Nick Griffin, the leader of the British National Party, accused a radio host of attempting to link him with Holocaust denial in the public mind, Britain's Telegraph reported Wednesday.

“I’ve expressed in very strong terms dismay and disgust at the way gentile liberals and lefties, such as yourself, exploit things which happened many decades ago to use as a moral club to prevent a proper sensible discussion about immigration now, which is what you are doing again," Griffin told BBC Radio 4 host Justin Webb. "What you are trying to do is set the British public as Pavlovian dogs so when they hear Nick Griffin they think the Holocaust. It's a wicked disgrace."

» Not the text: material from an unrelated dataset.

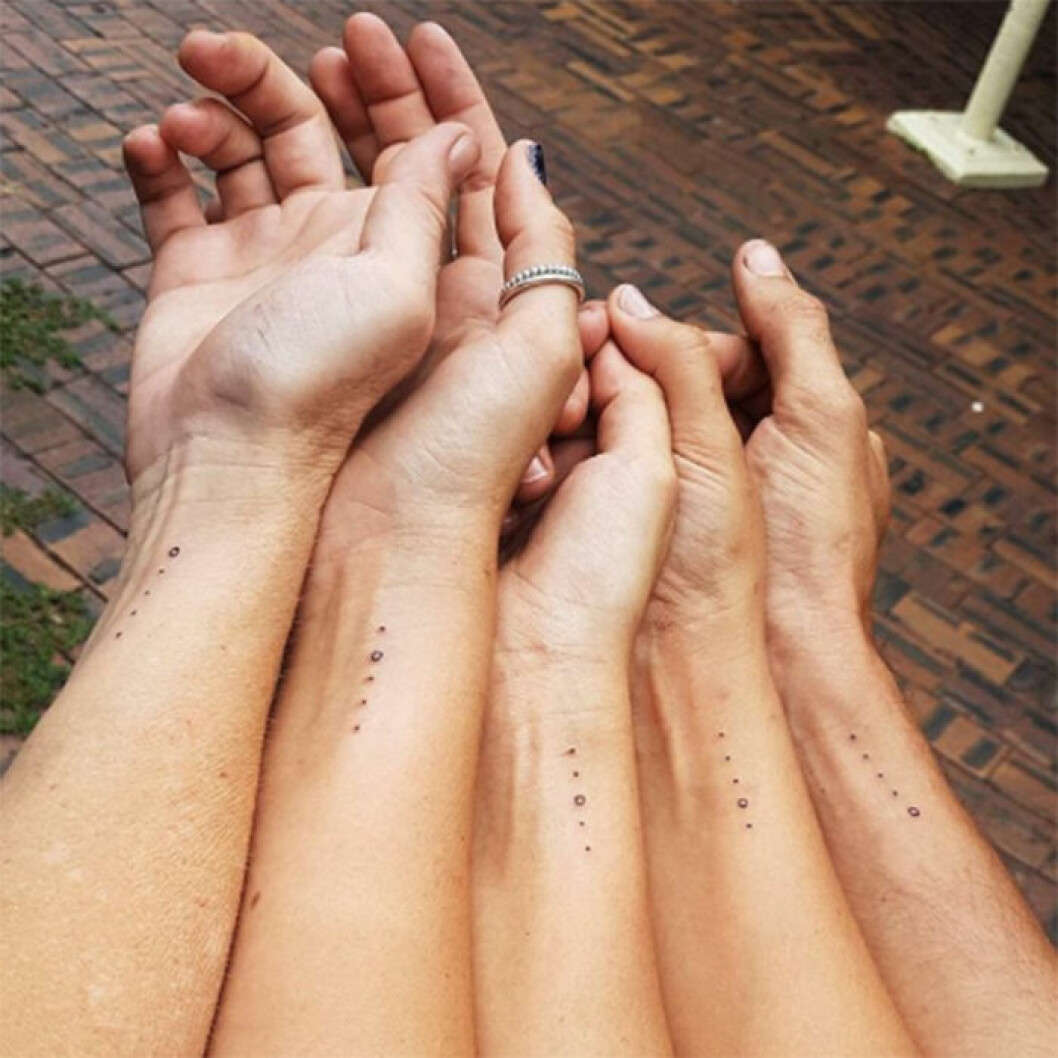 Foto: <a href="https://www.instagram.com/p/BOUMY6EgwFV/?utm_source=ig_embed" target="_blank" rel="noopener">@kellie237/Instagram</a> Familjetatuering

Griffin admits to having called the Holocaust "utter nonsense" and has written for magazines that describe the Holocaust as a hoax. He was convicted of incitement to racial hatred and given a two-year suspended prison sentence in 1997.

Visa restrictions in the U.K. were lifted for Bulgarian and Romanian citizens in January, giving them the same right to work in the U.K. as other citizens of the European Union and sparking heated debate over immigration.

The number of Bulgarian and Romanian workers in the U.K. in the first three months of the year – 140,000 – was down by 4,000 compared to the final quarter of 2013 but up by 29,000 compared with the same period last year, the BBC reported.